Legal Aid Reform
The main news this week was the announcement that implementation of the legal aid reform programme has been delayed by 6 months to April 2013. So what does it mean?
Fee cuts to civil and criminal work have already happened, and family follows in February 2012. Those cuts are not affected. New family contracts will start in February 2012, and they too are not affected.
The telephone gateway, the proposed civil and family scope cuts and the changes to eligibility will now take place in April 2013. This probably means that there will be a consultation in spring / summer 2012 and a tender exercise in autumn 2012. The abolition of the LSC will also take place in April 2013.
The consultation on criminal competitive tendering will now take place in Autumn 2013, with tendering in Autumn 2014 and price-based contracts in 2015, with civil and family to follow at some point thereafter.
It is really important to note that this announcement makes no difference to the substance, merely the timing, of the government’s plans. The parliamentary timetable is unaltered and it will be in the House of Lords over the next 3 months or so that the final shape of the new legal aid scheme will emerge.
Following the Henthorn judgement, the Law Society have released a statement with some advice to practitioners, with the promise of more to follow. They recommend that solicitors change their file retention policy to keep closed files for at least six years following assessment of costs rather than the end of the case. The Law Society is pursuing its complaint of maladministration to the Parliamentary Ombudsman and promising to intervene in any Supreme Court appeal that may take place. In the meantime, solicitors confronted with a demand for repayment from the LSC are referred to Focus 34 and Focus 41. See also the deed of settlement following the 2007 JR.
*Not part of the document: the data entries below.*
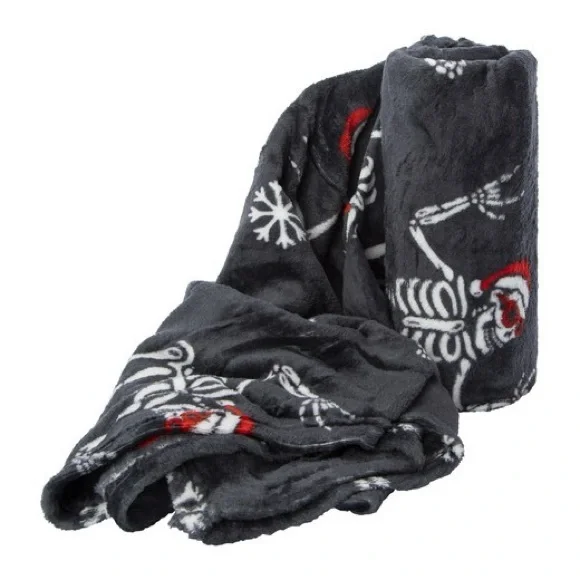 Holiday Print Plush Blanket 50in X 60in - Skeleton Santa Blanket Hallomas NWT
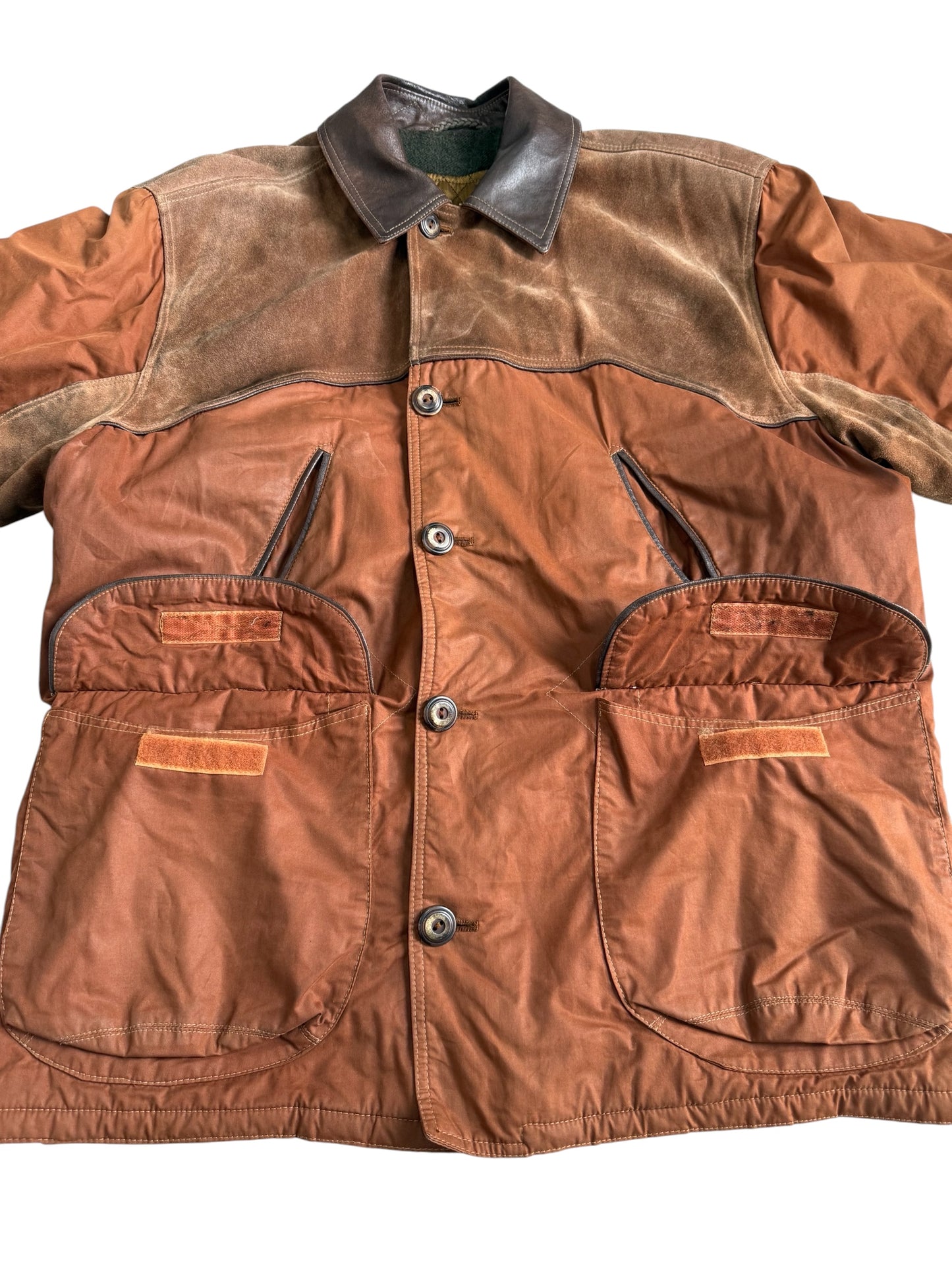 Vintage 1980s Cinquanta Leather Trim Hunting Jacket Made in Italy
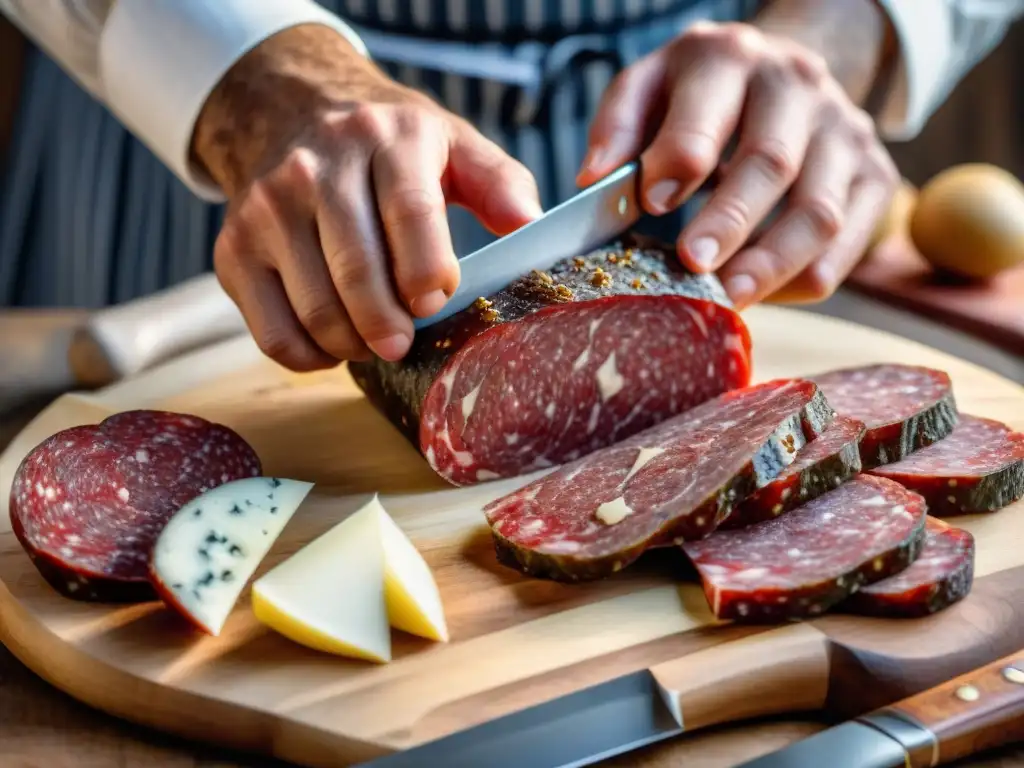 Maestro carnicero cortando salami artesanal, destacando la preparación embutidos artesanales gourmet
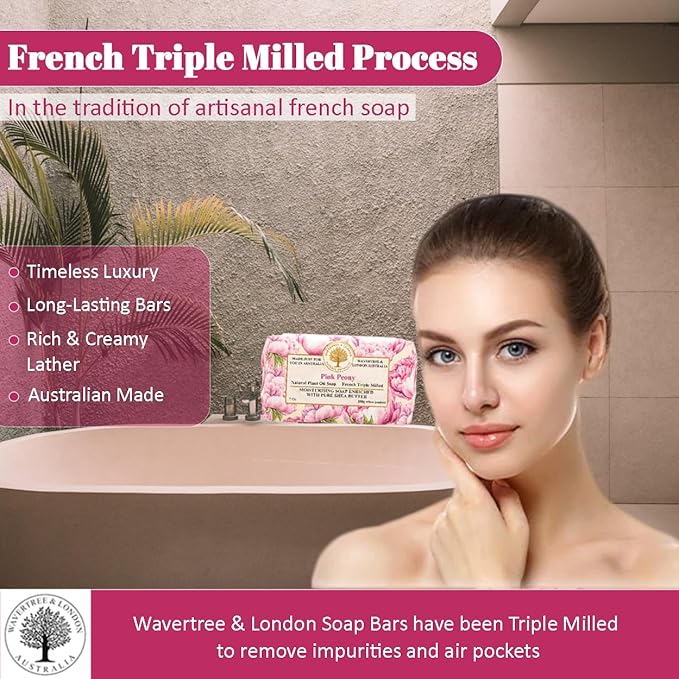 Wavertree & London Pink Peony Scented Natural Soap (2 Bars), 7oz Moisturizing French Triple Milled Soap Bars enriched with shea butter - Pure Plant Based Bath & Body Bars for All Skin Types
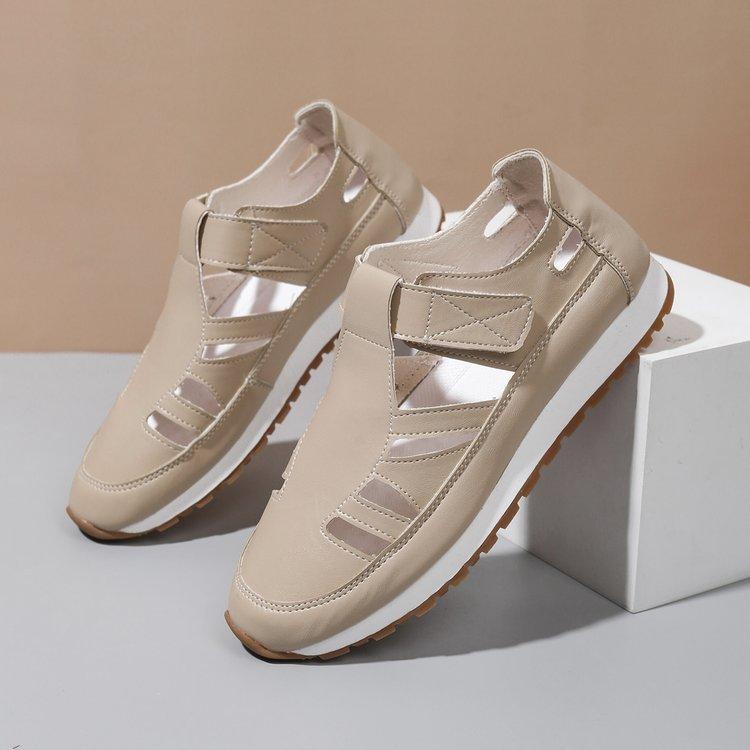 

Весенне-летняя женская обувь Crocs Плоские сандалии Обувь на липучках Дышащая обувь 42 бежевый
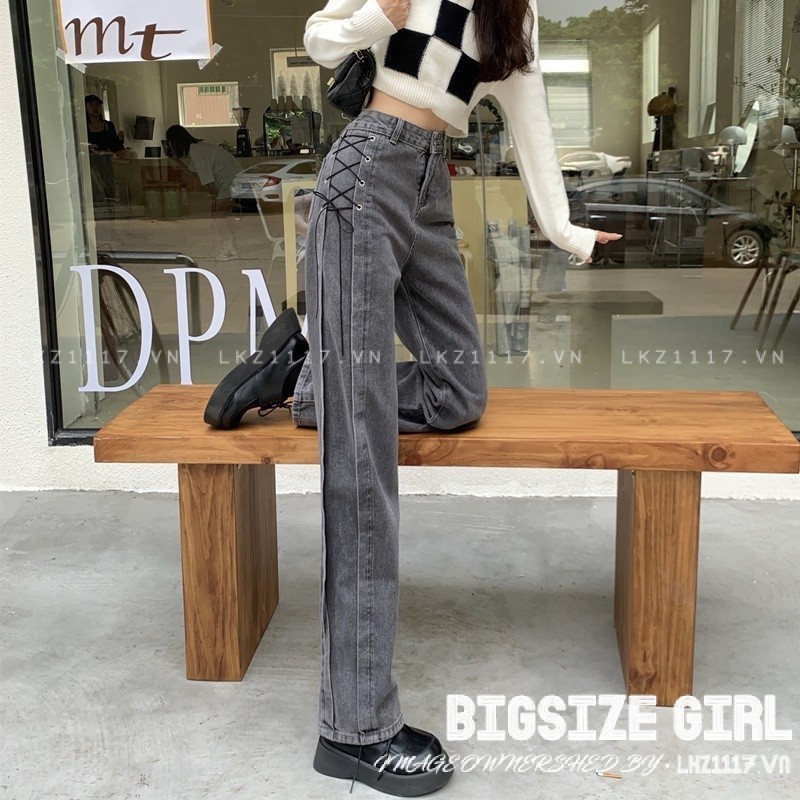 Quần jean dài nữ lưng cao Bigsize quần bò jean ống đứng cạp cao dáng suông xám khói mùa thu đông Phong cách Hàn Quốc Thời Trang đẹp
Crimeline reported this week a judgement from the High Court, Lord Chancellor v McClarty & Co. Before the Costs Judge, the solicitors had been allowed to claim time spent in listening to audio tapes not transcribed as special preparation, on the basis that they were capable of being reduced to pages of evidence even though they had not in fact been transcribed. On appeal, it was held that that was outside what was allowed in the Regulations. Special preparation can only be claimed for “pages” and “documents”, which includes written material served electronically, but not audio or video material. It was also held that there is no power to pay enhanced rates for special preparation.